▶ _PROBLEM DESCRIPTION_:
Restate all the lines below word for word, but omit the pictures.

========================================

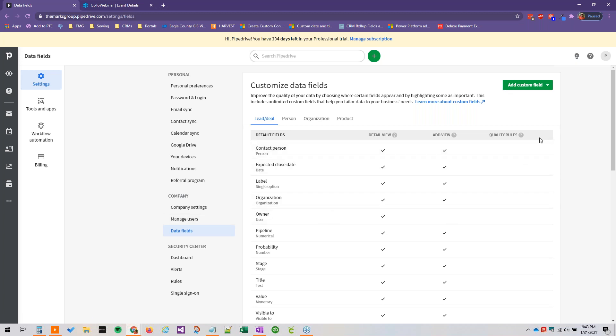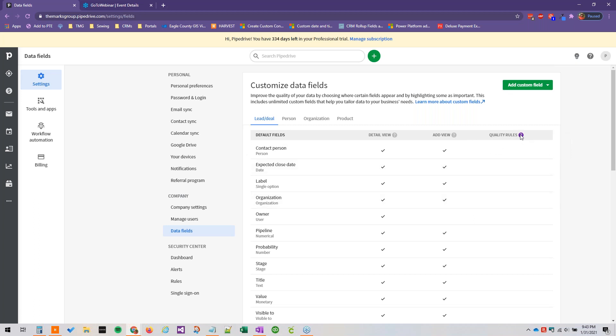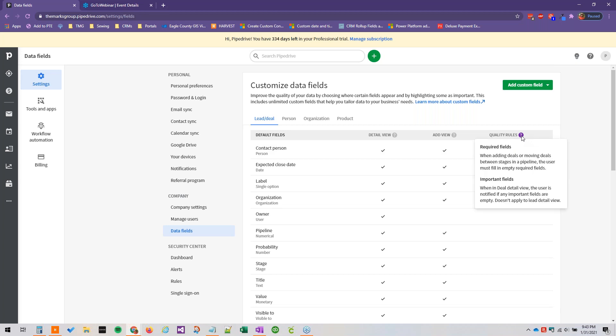Quality rules refer to required and important fields. I'm just going to pop this question mark help thing open so you can see. Required fields indicate that a field is required, so if you're trying to add or move a deal and one of the required fields is empty, it's going to force you to put something in that field before you can move forward.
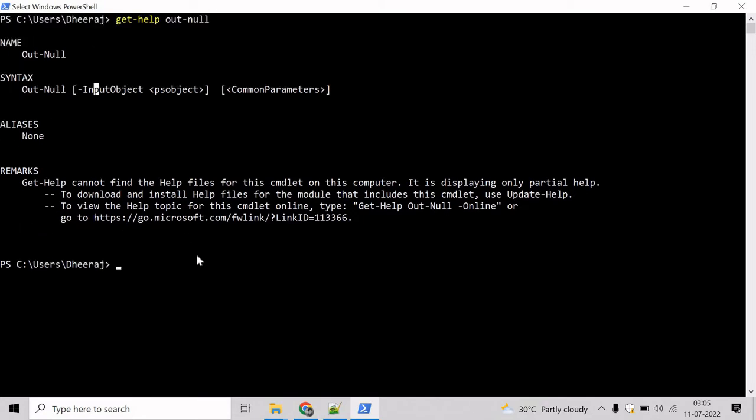Now let's see an example where we will try to delete the output. Use Get-Process cmdlet to get all the running processes on the system, and let's use the Out-Null cmdlet to delete the output.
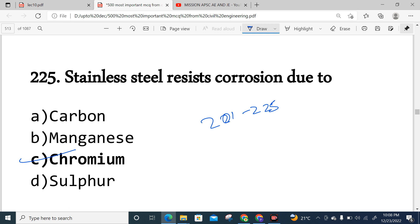In the next part, Part 9, we will discuss questions from 225 to 250. Thank you for watching.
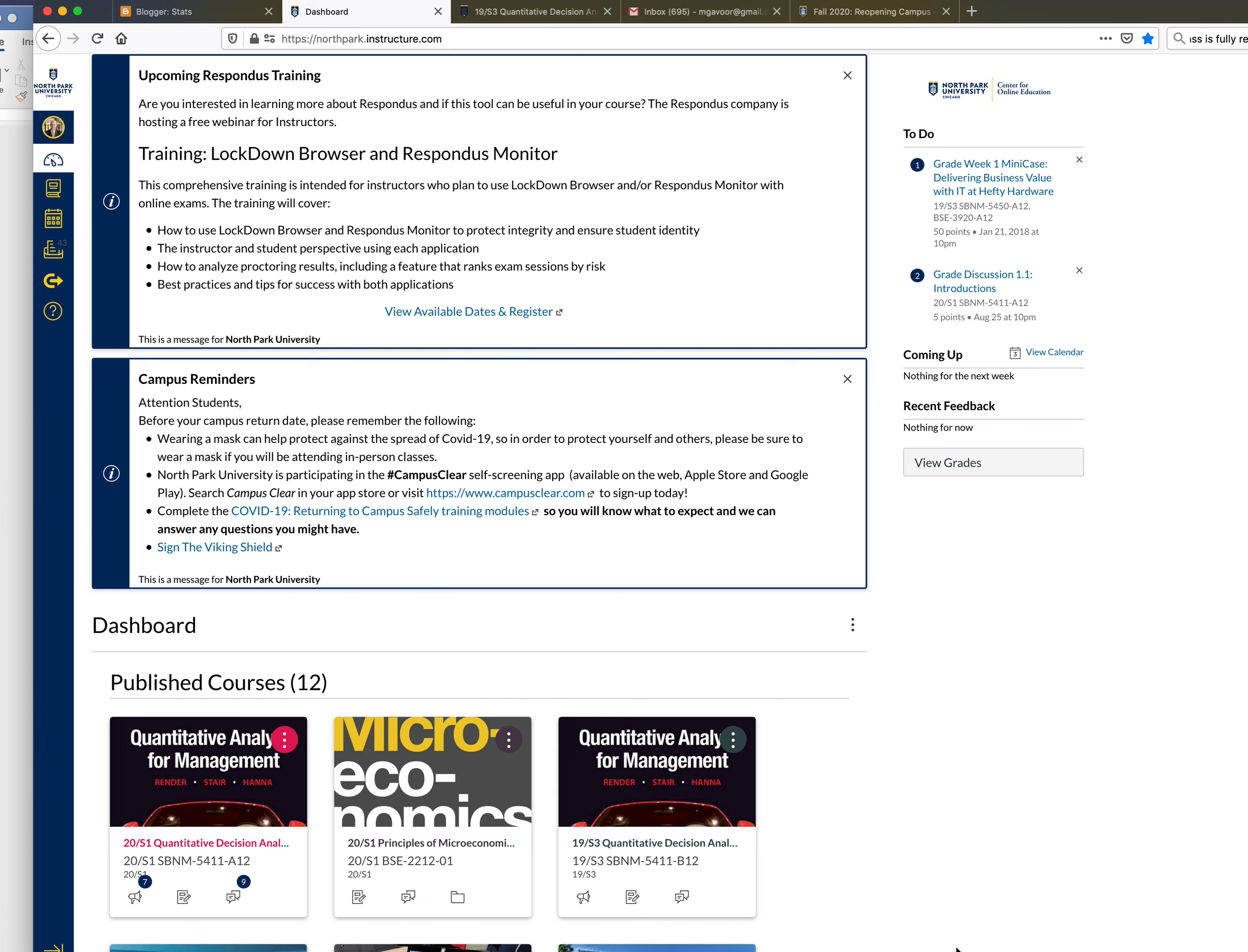Microeconomics students welcome to BSE 2212. This is Professor Gavor.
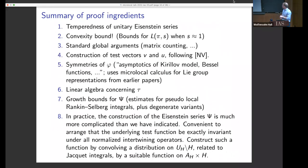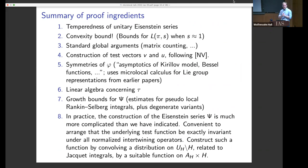I'll end with a slide summarizing the proof ingredients that went into the main result I tried to explain. I'd like to thank you for your attention, thank the organizers, all the speakers, and everyone.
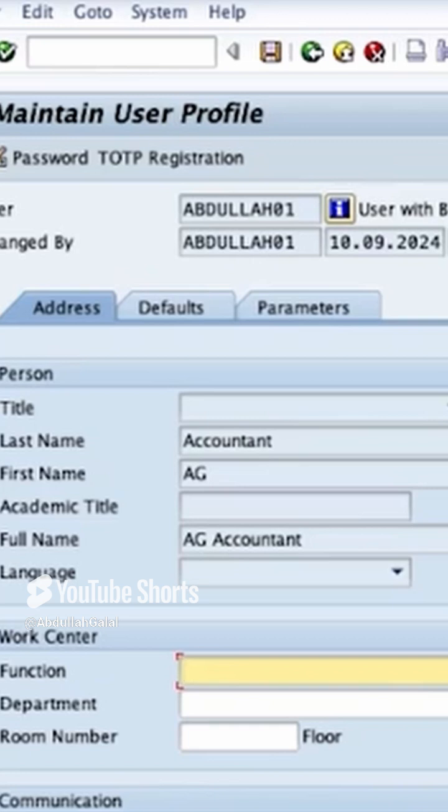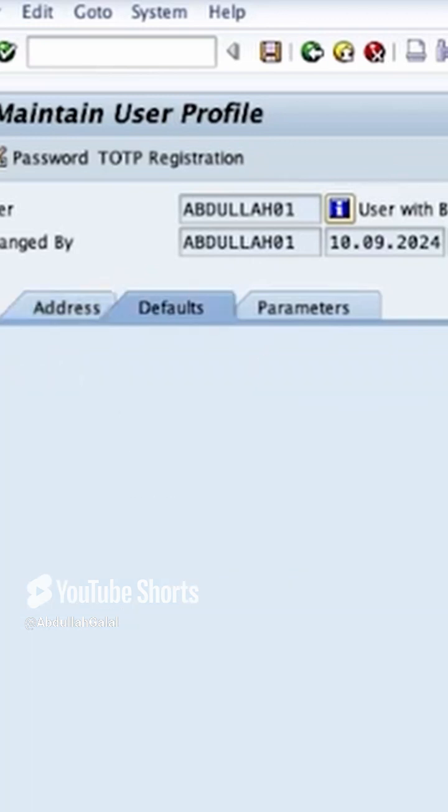This is my user ID, and if I go here to Defaults, we can see the different critical settings available to configure.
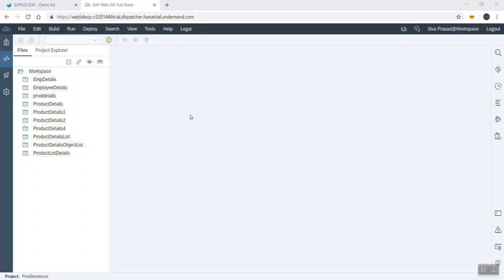In this video we'll see how to design a list in a SAP UI5 application in the SAP IDE, and the list will be bound to a JSON file.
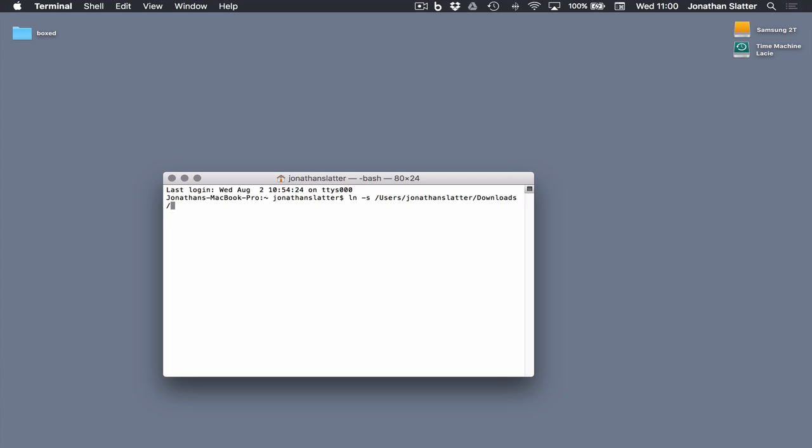Then the address of where you want the symlink to go, users, username, backslash desktop. And then press return.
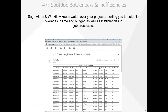Number seven, Alerts and Workflow identifies bottlenecks and inefficiencies in jobs. If you deal with jobs, you track materials, timeframes, and budgets, both estimated and actual. Learning about a job once it's used up its allocated amounts is too late. Alerts and Workflow notifies you when it looks likely that an estimate is going to be exceeded.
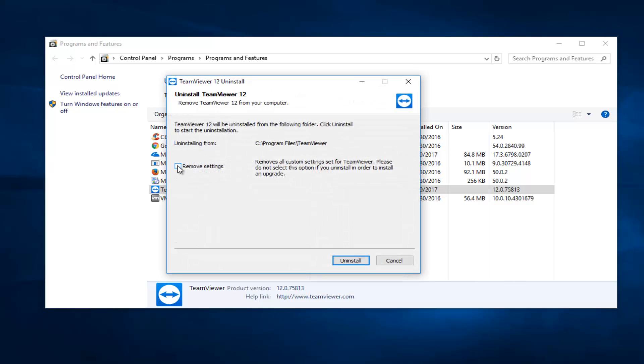You want to left click on this box right here to remove your settings for any custom settings you've set for TeamViewer. Please do not select this option if you are uninstalling it in order to install an upgrade.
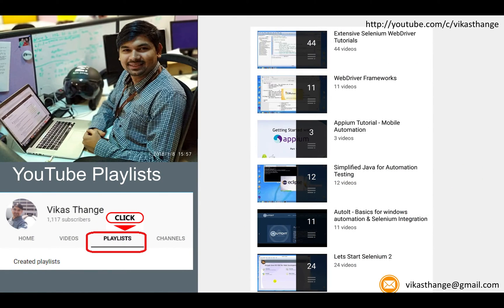If you want to look into the channel, I recommend opening the channel and going to the playlist section, where you will find different playlists for the respective tools you are looking for. As a first preference I recommend the Selenium WebDriver tutorial, which has more than 45 videos so far and covers Selenium WebDriver, TestNG, Maven, Jenkins, Selenium Grid, and Cloud.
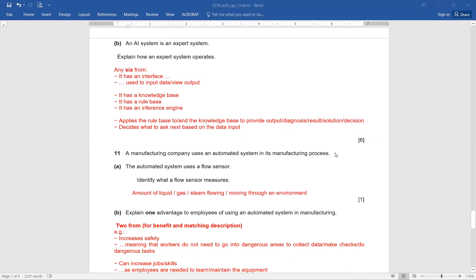Question number 11. A manufacturing company uses an automated system in its manufacturing process. The automated system uses a flow sensor. Identify what a flow sensor measures. The amount of liquid, gas, or steam flowing or moving through an environment. Simply write that down and you will score one mark.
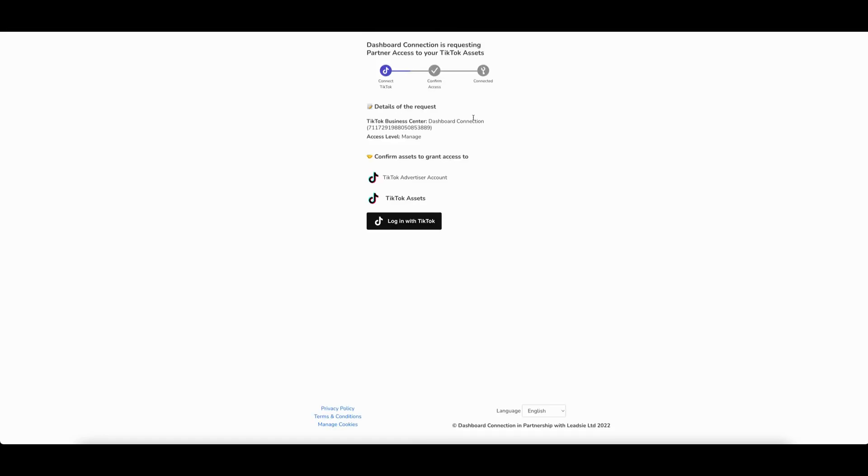Here, you will see us, dashboard connection, requesting access. Simply log into your account and grant permission. After this, you will be successful and we will now have access to your account and be able to fulfill your TikTok ads.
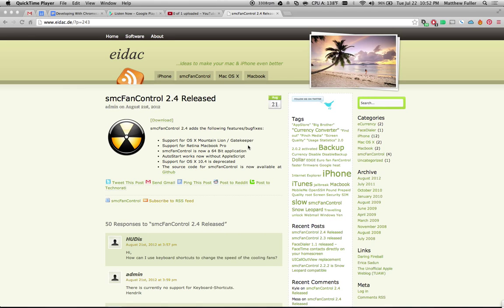Hey guys, I'm going to be showing you today how to keep your Mac laptop cool using a program called SMC Fan Control. Your laptop has a built-in fan, and depending on the temperature that your laptop is running at, the operating system changes the speed of the fan to try to keep the system cooler.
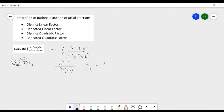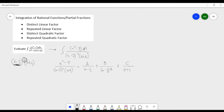On the second fraction, we write B over x minus 2 squared, including its exponent. The last factor gives C over x plus 4. In general, the number of repeated terms you write equals the exponent on the repeated factor — so if the exponent were 3, you would write three fractions for that factor. We then multiply both sides by the common denominator x minus 2 squared times x plus 4.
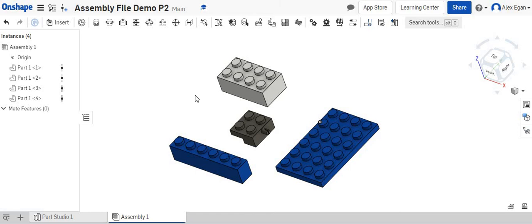In this video, we're going to be going over how to use the offset tool within Onshape assembly files.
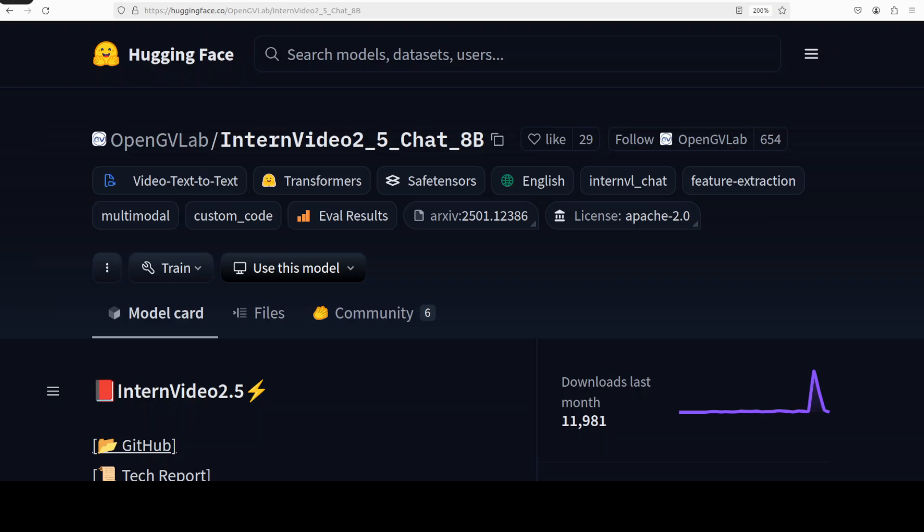Hi everyone, this is Fahad Mirza and I welcome you to the channel. Here I am again with yet another model. This time we are going to install this InternVideo 2.5 Chat 8 billion model which you can use to decipher or do the vision tasks on videos.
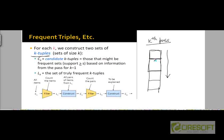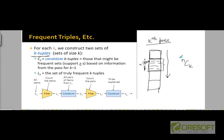As we parse the file basket by basket, let's say we are looking at a basket that has n items. How many possible subsets of size k are possible from these n items? Well, there are n-choose-k possible subsets we can generate. But we are not going to keep counts for all n-choose-k of these subsets — only those whose k-minus-1 tuples were discovered to be frequent in the k-minus-1-th pass.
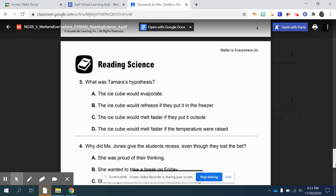Number three: what was Tamara's hypothesis? A, that the cube would evaporate. B, that the ice cube would refreeze if they put it in the freezer. C, that the ice cube would melt faster if they put it outside. Or D, the ice cube would melt faster if the temperature were raised.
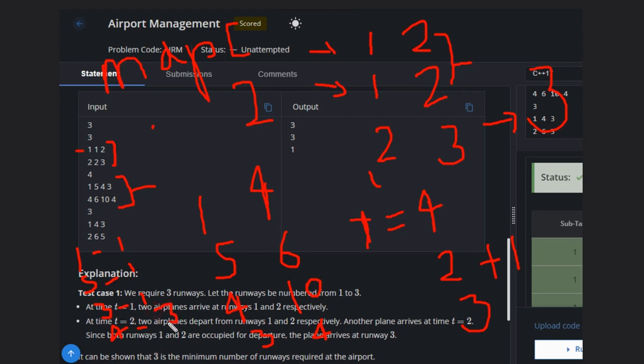For 1, frequency is 1. For 5, frequency is 1. For 3, frequency is 1. For 4, frequency is 1, 2, 3. We have to count both arrival time and departure time.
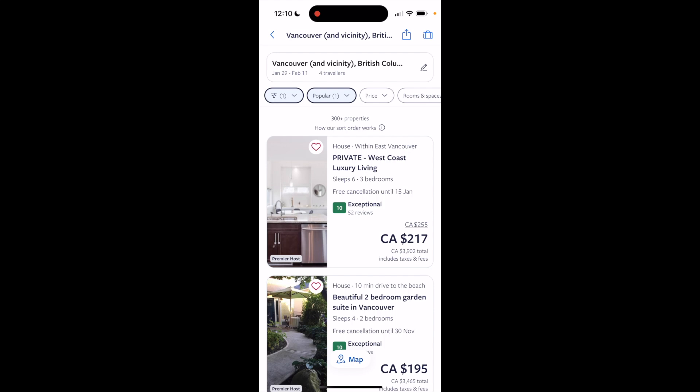Super simple, super straightforward — but this is how to view properties with free cancellation on Vrbo. Thanks again for watching and I hope this video helps.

========================================

▶ _ANSWER BOX_:
Quality rules refer to required and important fields. I'm just going to pop this question mark help thing open so you can see. Required fields indicate that a field is required, so if you're trying to add or move a deal and one of the required fields is empty, it's going to force you to put something in that field before you can move forward.
Now let's see an example where we will try to delete the output. Use Get-Process cmdlet to get all the running processes on the system, and let's use the Out-Null cmdlet to delete the output.
In the next part, Part 9, we will discuss questions from 225 to 250. Thank you for watching.
Microeconomics students welcome to BSE 2212. This is Professor Gavor.
I'll end with a slide summarizing the proof ingredients that went into the main result I tried to explain. I'd like to thank you for your attention, thank the organizers, all the speakers, and everyone.
This is my user ID, and if I go here to Defaults, we can see the different critical settings available to configure.
In this video we'll see how to design a list in a SAP UI5 application in the SAP IDE, and the list will be bound to a JSON file.
Then the address of where you want the symlink to go, users, username, backslash desktop. And then press return.
Number seven, Alerts and Workflow identifies bottlenecks and inefficiencies in jobs. If you deal with jobs, you track materials, timeframes, and budgets, both estimated and actual. Learning about a job once it's used up its allocated amounts is too late. Alerts and Workflow notifies you when it looks likely that an estimate is going to be exceeded.
You want to left click on this box right here to remove your settings for any custom settings you've set for TeamViewer. Please do not select this option if you are uninstalling it in order to install an upgrade.
If you want to look into the channel, I recommend opening the channel and going to the playlist section, where you will find different playlists for the respective tools you are looking for. As a first preference I recommend the Selenium WebDriver tutorial, which has more than 45 videos so far and covers Selenium WebDriver, TestNG, Maven, Jenkins, Selenium Grid, and Cloud.
Question number 11. A manufacturing company uses an automated system in its manufacturing process. The automated system uses a flow sensor. Identify what a flow sensor measures. The amount of liquid, gas, or steam flowing or moving through an environment. Simply write that down and you will score one mark.
Here, you will see us, dashboard connection, requesting access. Simply log into your account and grant permission. After this, you will be successful and we will now have access to your account and be able to fulfill your TikTok ads.
Hey guys, I'm going to be showing you today how to keep your Mac laptop cool using a program called SMC Fan Control. Your laptop has a built-in fan, and depending on the temperature that your laptop is running at, the operating system changes the speed of the fan to try to keep the system cooler.
On the second fraction, we write B over x minus 2 squared, including its exponent. The last factor gives C over x plus 4. In general, the number of repeated terms you write equals the exponent on the repeated factor — so if the exponent were 3, you would write three fractions for that factor. We then multiply both sides by the common denominator x minus 2 squared times x plus 4.
In this video, we're going to be going over how to use the offset tool within Onshape assembly files.
Hi everyone, this is Fahad Mirza and I welcome you to the channel. Here I am again with yet another model. This time we are going to install this InternVideo 2.5 Chat 8 billion model which you can use to decipher or do the vision tasks on videos.
As we parse the file basket by basket, let's say we are looking at a basket that has n items. How many possible subsets of size k are possible from these n items? Well, there are n-choose-k possible subsets we can generate. But we are not going to keep counts for all n-choose-k of these subsets — only those whose k-minus-1 tuples were discovered to be frequent in the k-minus-1-th pass.
Number three: what was Tamara's hypothesis? A, that the cube would evaporate. B, that the ice cube would refreeze if they put it in the freezer. C, that the ice cube would melt faster if they put it outside. Or D, the ice cube would melt faster if the temperature were raised.
For 1, frequency is 1. For 5, frequency is 1. For 3, frequency is 1. For 4, frequency is 1, 2, 3. We have to count both arrival time and departure time.
Super simple, super straightforward — but this is how to view properties with free cancellation on Vrbo. Thanks again for watching and I hope this video helps.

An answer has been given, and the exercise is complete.